* What you should do
Take the line containing "View of american foursquare style home" and every line after it to the end of the records, and copy them exactly, leaving out pictures.

* Data
-=-=-=-=-

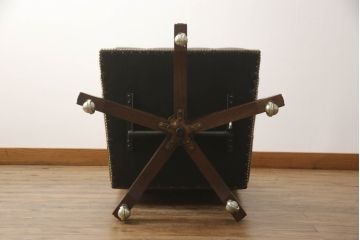 中古　美品　どっしりとした構えが高級感を漂わせる回転チェア(エグゼクティブチェア、オフィスチェア、デスクチェア、アームチェア、回転イス、椅子)(R-066094)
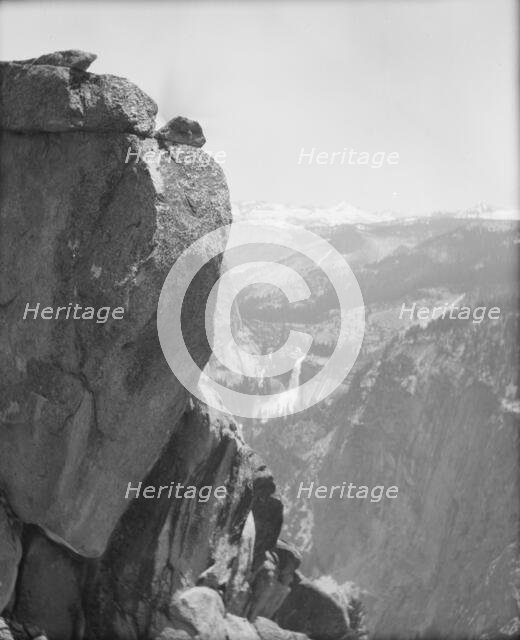 Travel views of Yosemite National Park, between 1903 and 1906. Creator: Arnold Genthe.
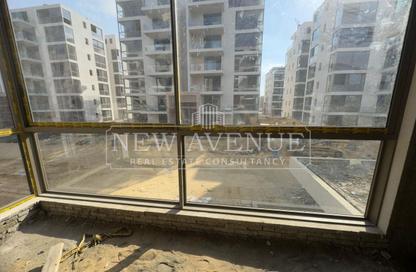 Apartment - 2 Bedrooms - 2 Bathrooms for sale in Lake View Residence 2 - 5th Settlement Compounds - The 5th Settlement - New Cairo City - Cairo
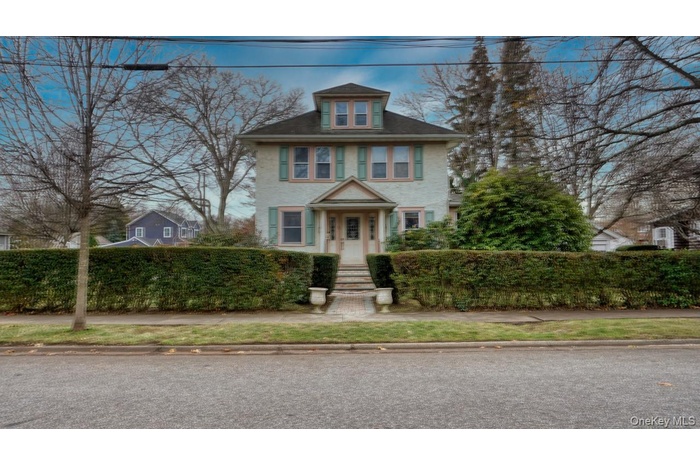 View of american foursquare style home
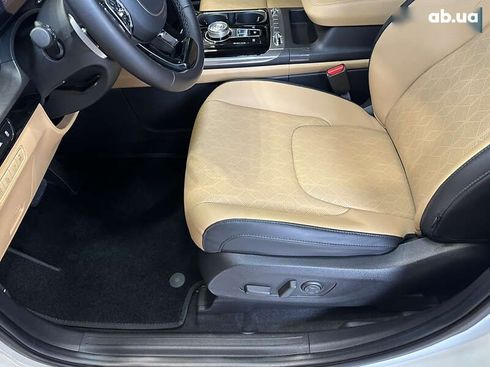 Kia Carnival 2021 - фото 23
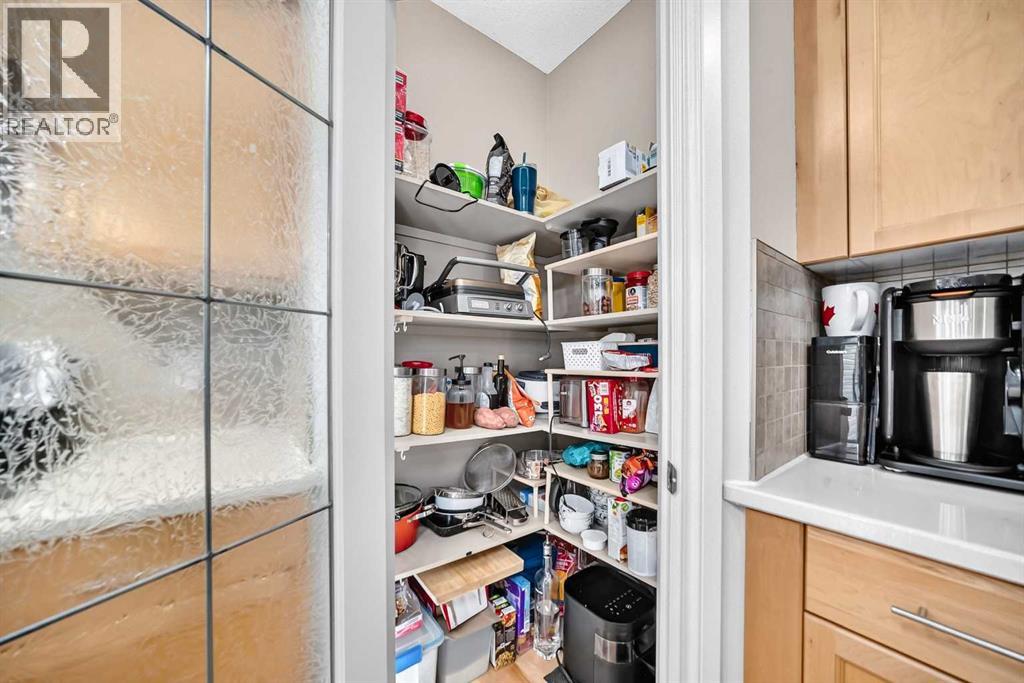 127, 100 Coopers Common SW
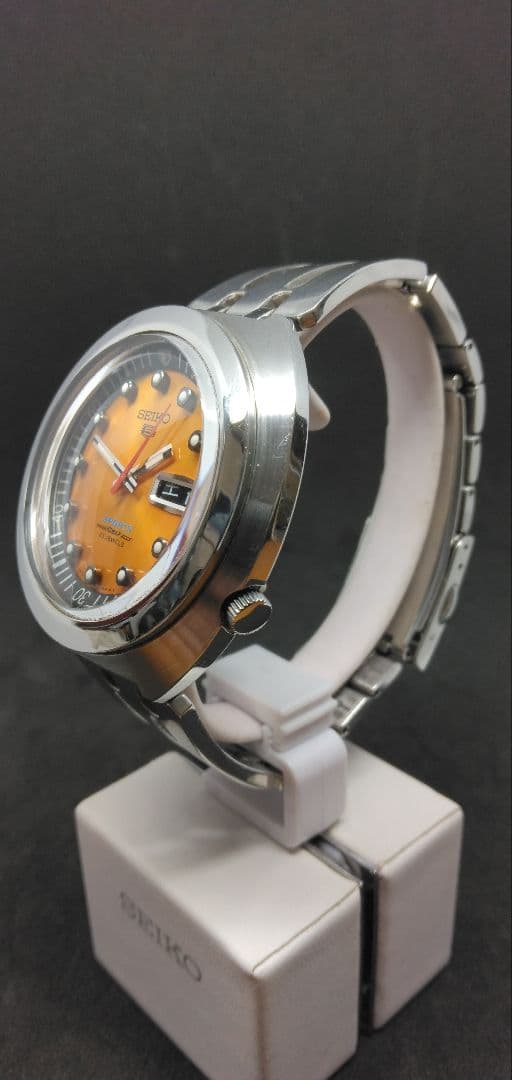 訳あり　SEIKO5 SPORTS 自動巻き 腕時計 オレンジ　複刻版希少モデル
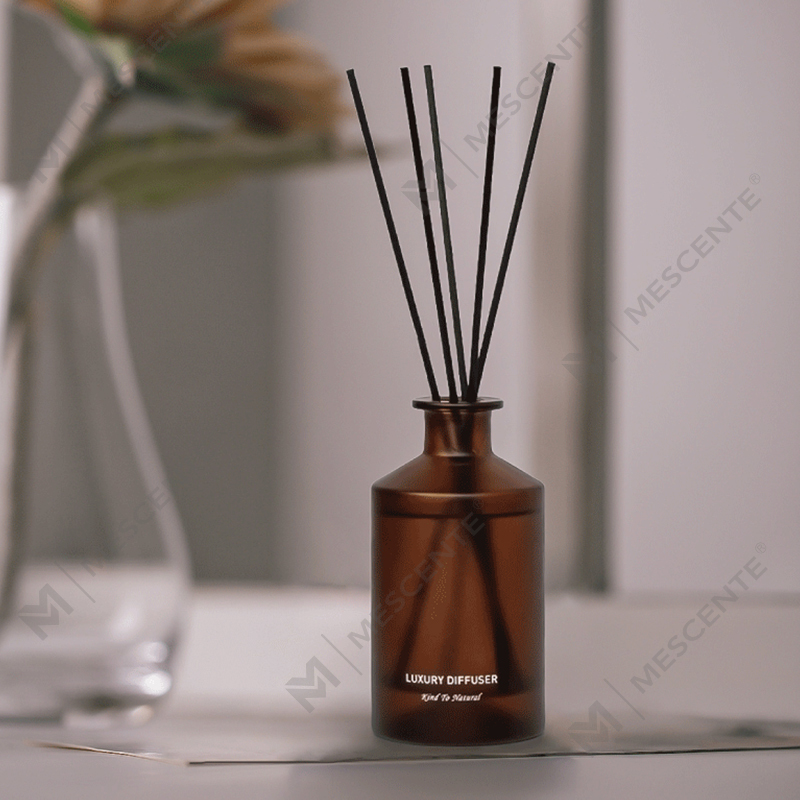 M&Scent Custom Luxusná fľaša z matného skla Home Essential Oil Reed difuzér
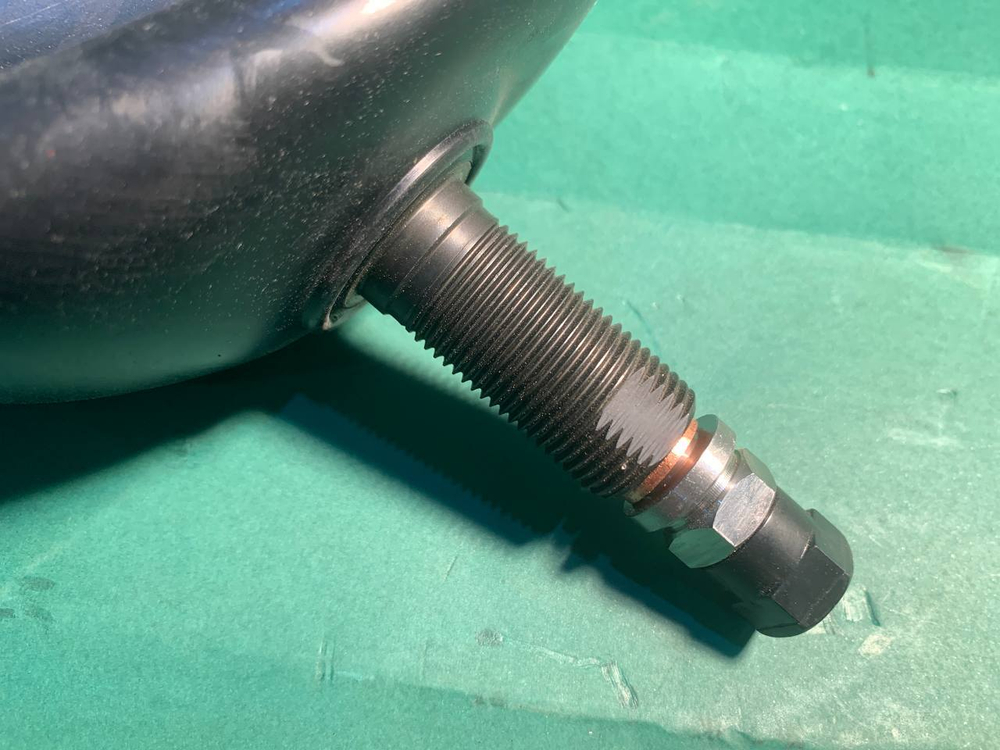 Баллон гидроаккумулятора 6л 22мм с клапаном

-=-=-=-=-

* Output
 View of american foursquare style home
 Kia Carnival 2021 - фото 23
 127, 100 Coopers Common SW
 訳あり　SEIKO5 SPORTS 自動巻き 腕時計 オレンジ　複刻版希少モデル
 M&Scent Custom Luxusná fľaša z matného skla Home Essential Oil Reed difuzér
 Баллон гидроаккумулятора 6л 22мм с клапаном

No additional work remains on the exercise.